Slowly but surely, the Academics were confined to the Ivory Tower and even some patriotic bureaucrats turned pragmatic and ready to wield the knife upon their own unsustainable racket.
Prerna Singh, now securely tenured within the Ivory Tower, can write-
Why is the above fucked in the head? Well, we all know that Saint-Simon paved the way for Napoleon III, the defeat at Sedan, the revanchist but stupid alliance with the Tzar which paved the way for two World Wars, and the crazy attempt to resurrect French 'glory' in Indo-China and Algeria. Similarly, List paved the way for Luddendorf's notion of 'total war'.
Solidarity is stupid. At best it is cheap talk which establishes a bilateral 'threat point' which is imaginary and gives rise to a pathological dynamics. At worst, it is a 'costly signal which assures mutual destruction.
Far better is methodological individualism- mechanism design which is about the price of bread, the cost of a hospital stay or a College education, stuff that matters to individuals. Left to themselves, people can solve the underlying co-ordination game associated with channeling preference and endowment diversity such that Tiebout sorting occurs and the proper correlated equilibrium is reached.

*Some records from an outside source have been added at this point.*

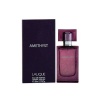 Lalique Amethyst for Women Eau De Parfum - Parallel Import Photo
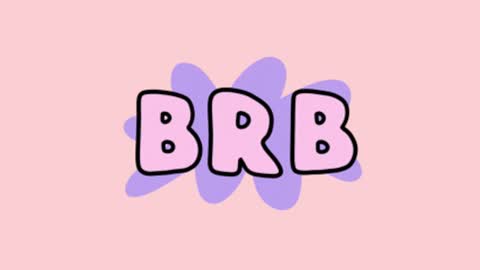 Emma  online show from February 1, 2025, 3:28 pm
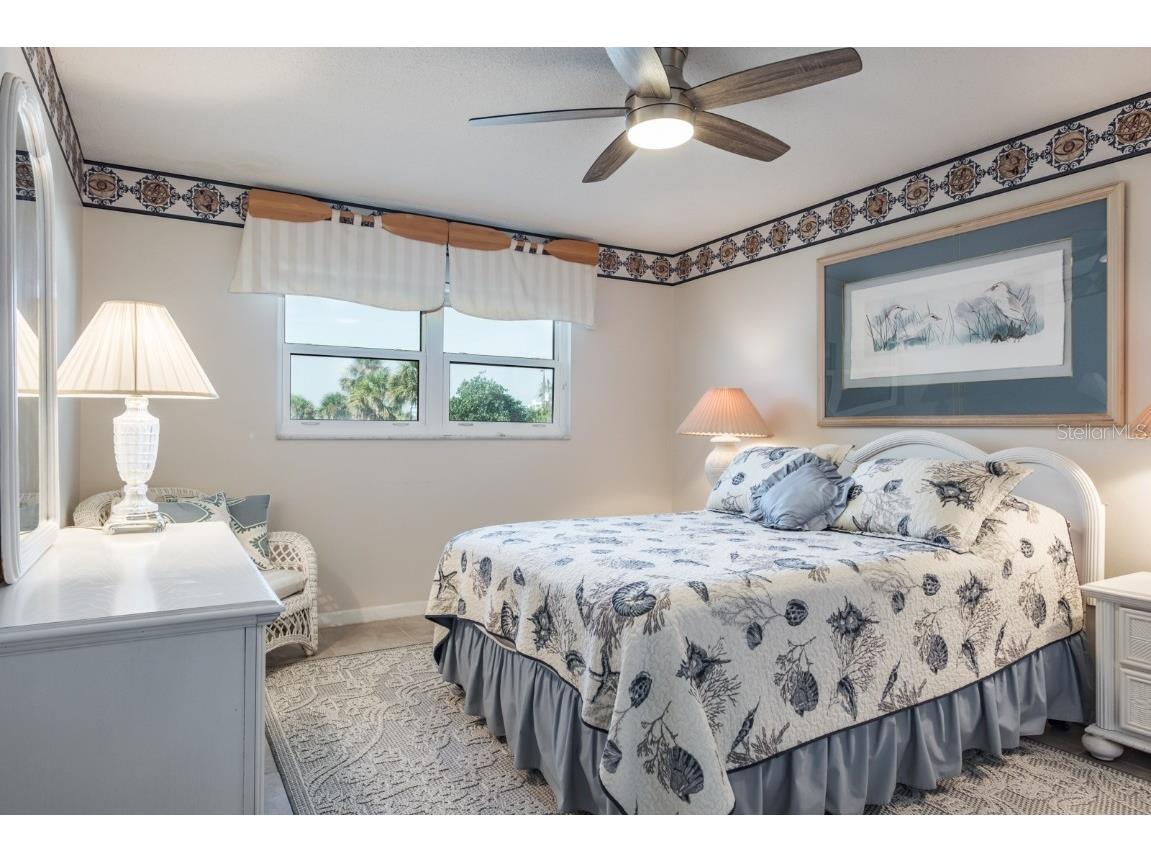 5575 Gulf Boulevard #238 Saint Pete Beach FL 33706 TB8437274 image28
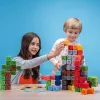 Konstruktoriaus rinkinys Marioinex Mini Waffle model 908204 – 142 detalės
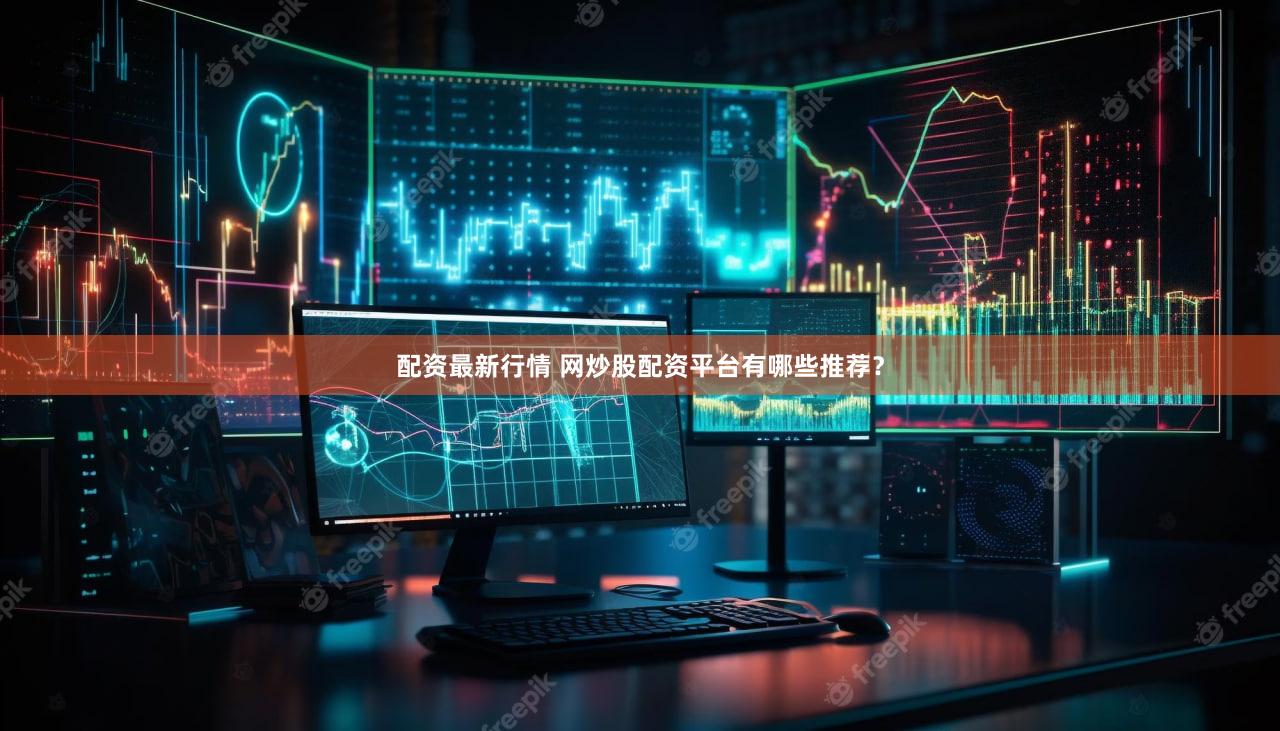 配资最新行情 网炒股配资平台有哪些推荐？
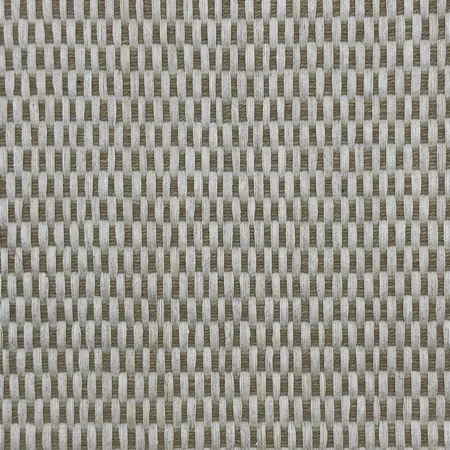 R√°fia ART 508 Light Natural Beige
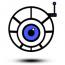 Webdroid logo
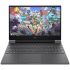 Ноутбук HP Victus 15-fb3058ua (C1XA7EA) Mica Silver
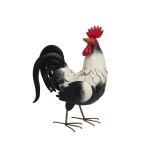 Statuette decorative de Jardin
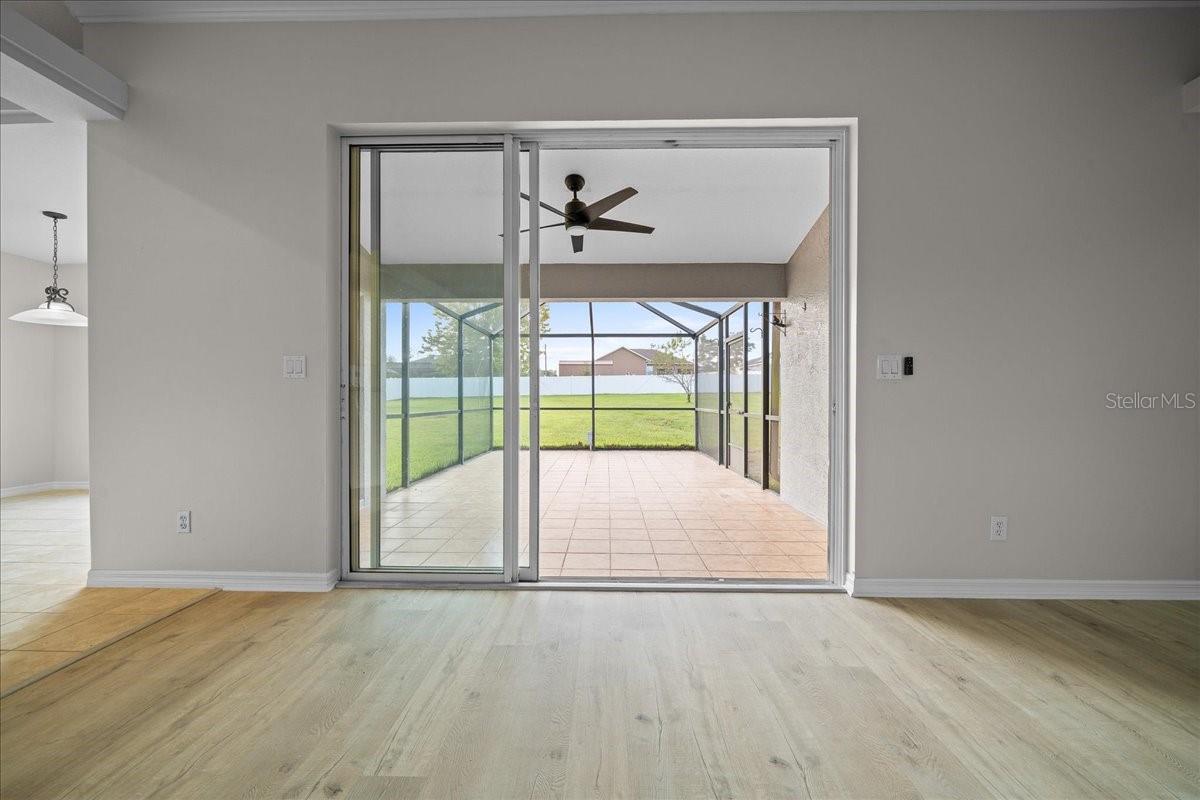 Image 15 of 70 For 4850 97th Place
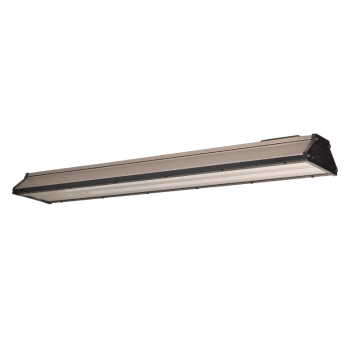 Pelsan Etna 250W 6500K 150cm IP65 Yüksek Tavan Armatürü - 111258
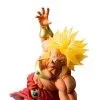 Figurine Broly SSJ Ver 94 - Ishibansho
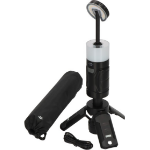 Brennenstuhl UL 400 AT Outdoor floor lighting LED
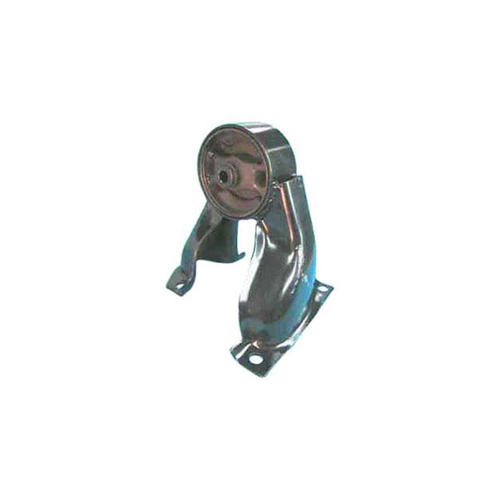 New Genuine KELPRO Engine Mount  #MT9079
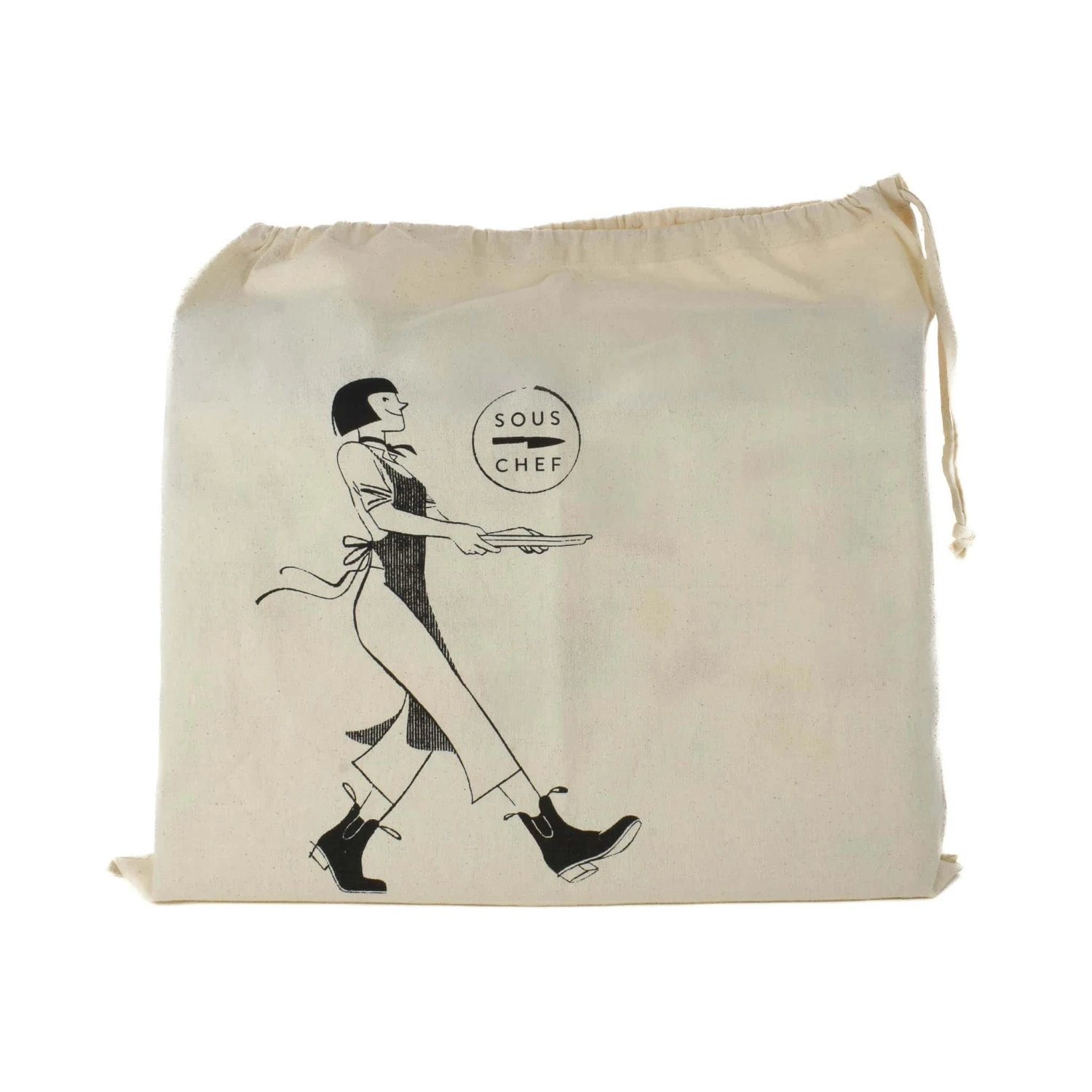 Mini Truffle Gift Set 3 Mini Truffle Gift Set - Image 3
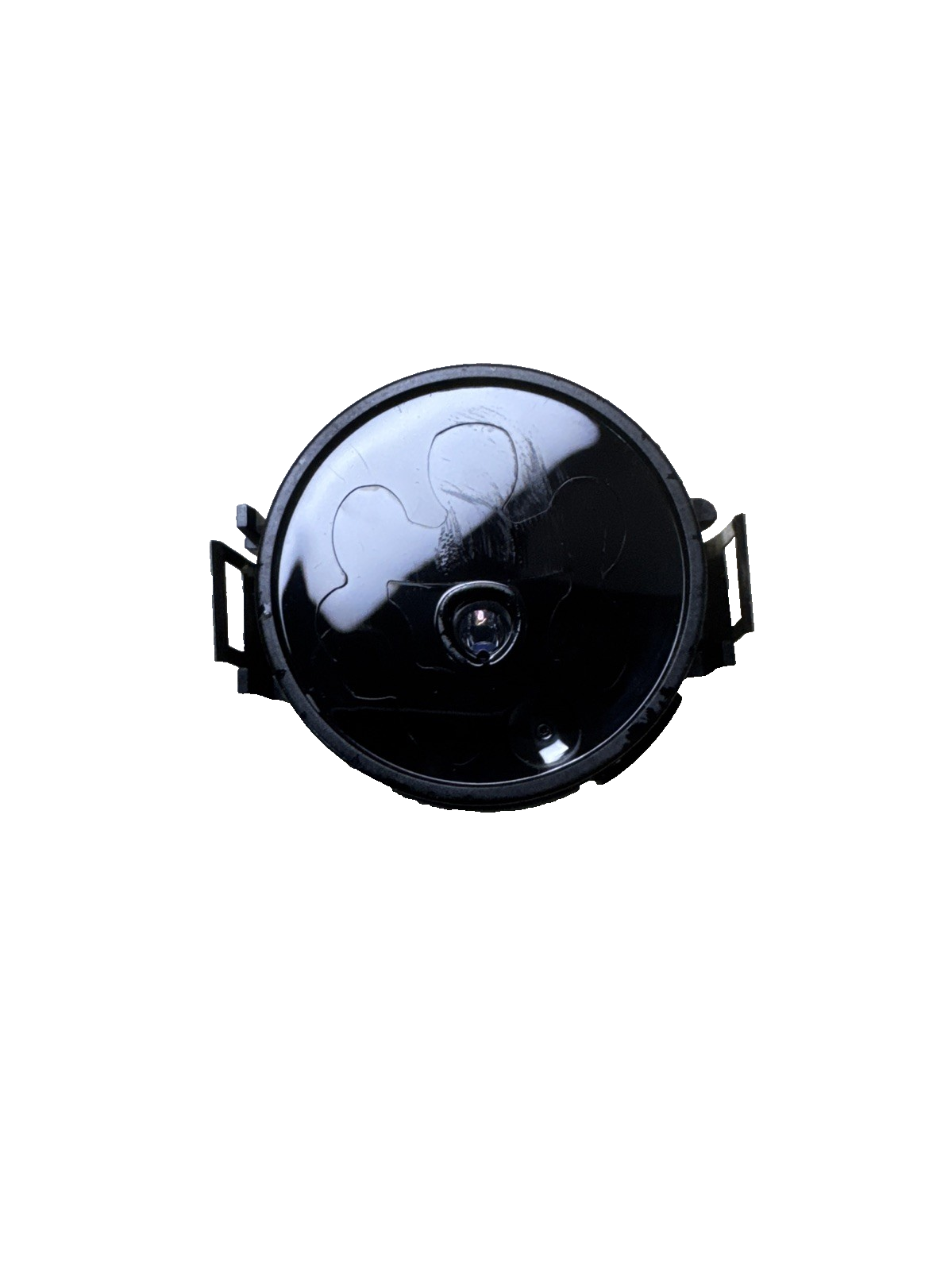 RENAULT CLIO MK4 2014 FRONT WINDSCREEN RAIN SENSOR 285356725R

Still, perhaps Singh's book represents the Liberal Academy's slow accommodation to the notion that Nations want not worthless universalist pi-jaw based upon some Platonic conception of the 'Good', but limited and pragmatic governance somewhat better than what went before.
Has Prerna Singh been inspired by NaMo?
Is she the future Donald Trump of the Politically Correct Academy?
She observes all the pieties and her wild misprisions and drive-by regressions are 'friendly fire' simply. As such she deserves promotion.